Le premier camp, surreprésenté en Italie et en Allemagne, rassemble 35% des interrogés, tandis que le second en réunit 25%. Les autres préfèrent ne pas commenter. La Pologne est le seul pays où les partisans de la « justice » (41 %) sont plus nombreux que les partisans de la « paix » (16 %). La France, en revanche, compte 41% de répondants favorables à une négociation rapide, et 20% d’intransigeants.

► Cela peut-il avoir une incidence sur le règlement du conflit ?

« Je vous invite à mettre les choses en perspective. Ce ne sont pas les sondages qui font la diplomatie nationale. Ce sera aux Ukrainiens, pas aux Européens, de choisir l’issue qu’ils veulent donner au conflit », estime Édouard Simon, de l’Institut des relations internationales et stratégiques. Pourtant, le président Volodymyr Zelensky est sur la même ligne que sa population : 80 % des Ukrainiens rejettent l’idée de faire des concessions territoriales pour obtenir la paix, selon l’Institut international de sociologie de Kyiv.

Des divisions se retrouvent dans les positions prises par les dirigeants européens. Après la polémique déclenchée par les appels répétés du président Emmanuel Macron à « ne pas humilier » Russie, l’Élysée a dû se ressaisir, vendredi dernier, en affirmant que la France veut la « victoire » de l’Ukraine et de la « récupération » de son intégrité territoriale. Les pays baltes et la Pologne, qui ont connu l’occupation soviétique, militent pour le retour aux frontières non seulement telles qu’elles étaient avant le 24 février, mais aussi avant l’annexion de la Crimée en 2014.

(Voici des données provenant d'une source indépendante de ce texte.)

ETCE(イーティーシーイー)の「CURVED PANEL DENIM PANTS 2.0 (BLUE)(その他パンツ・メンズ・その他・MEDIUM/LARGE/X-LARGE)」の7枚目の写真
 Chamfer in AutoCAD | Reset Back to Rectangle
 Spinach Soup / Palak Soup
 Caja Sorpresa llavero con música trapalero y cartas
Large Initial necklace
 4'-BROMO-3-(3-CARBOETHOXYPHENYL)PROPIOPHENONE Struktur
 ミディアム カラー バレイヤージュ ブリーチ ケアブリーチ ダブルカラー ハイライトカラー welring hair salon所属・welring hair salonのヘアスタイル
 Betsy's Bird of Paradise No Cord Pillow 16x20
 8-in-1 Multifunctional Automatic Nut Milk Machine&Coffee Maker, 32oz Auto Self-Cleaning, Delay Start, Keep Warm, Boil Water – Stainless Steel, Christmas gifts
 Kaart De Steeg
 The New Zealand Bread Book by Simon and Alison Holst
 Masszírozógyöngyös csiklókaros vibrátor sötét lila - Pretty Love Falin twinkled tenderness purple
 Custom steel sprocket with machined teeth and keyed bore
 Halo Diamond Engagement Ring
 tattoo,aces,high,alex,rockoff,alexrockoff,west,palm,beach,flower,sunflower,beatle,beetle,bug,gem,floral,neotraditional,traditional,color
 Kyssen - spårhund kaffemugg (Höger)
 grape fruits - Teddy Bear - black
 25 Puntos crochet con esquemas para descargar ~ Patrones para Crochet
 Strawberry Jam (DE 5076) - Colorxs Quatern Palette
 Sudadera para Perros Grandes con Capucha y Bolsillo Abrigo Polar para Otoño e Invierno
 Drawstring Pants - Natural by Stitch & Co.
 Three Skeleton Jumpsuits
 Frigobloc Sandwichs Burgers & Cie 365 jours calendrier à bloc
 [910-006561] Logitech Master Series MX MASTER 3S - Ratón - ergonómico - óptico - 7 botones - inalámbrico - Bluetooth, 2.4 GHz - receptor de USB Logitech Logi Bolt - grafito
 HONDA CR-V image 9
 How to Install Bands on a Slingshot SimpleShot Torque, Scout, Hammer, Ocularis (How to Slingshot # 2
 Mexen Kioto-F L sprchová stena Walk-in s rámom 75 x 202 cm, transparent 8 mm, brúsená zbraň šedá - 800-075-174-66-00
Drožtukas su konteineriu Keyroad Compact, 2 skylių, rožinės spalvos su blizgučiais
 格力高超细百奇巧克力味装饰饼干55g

► Les Européens peuvent-ils surmonter leurs différences ?

A une semaine du Conseil européen des 23 et 24 juin, les Vingt-Sept veulent à tout prix montrer que l’unité l’emporte sur le reste. « Tout le but de l’exercice sera d’éviter les questions irritantes, comme la place à donner à la Russie, l’exigence ou non d’un changement de régime à Moscou, et l’architecture de sécurité à donner à l' »Europe ».poursuit Édouard Simon, qui nous invite à distinguer le court, le moyen et le long terme.

« Nous vivons à une époque où la France livre des obusiers César à l’Ukraine, et où l’Allemagne s’implique dans le renforcement de l’OTAN sur son flanc Est, cette cohésion est déjà assez remarquable »il note.

(1) Réalisée entre le 28 avril et le 11 mai sur un échantillon de 8 172 participants d’Allemagne, d’Espagne, de Finlande, de France, d’Italie, de Pologne, du Portugal, de Roumanie, du Royaume-Uni, de Suède).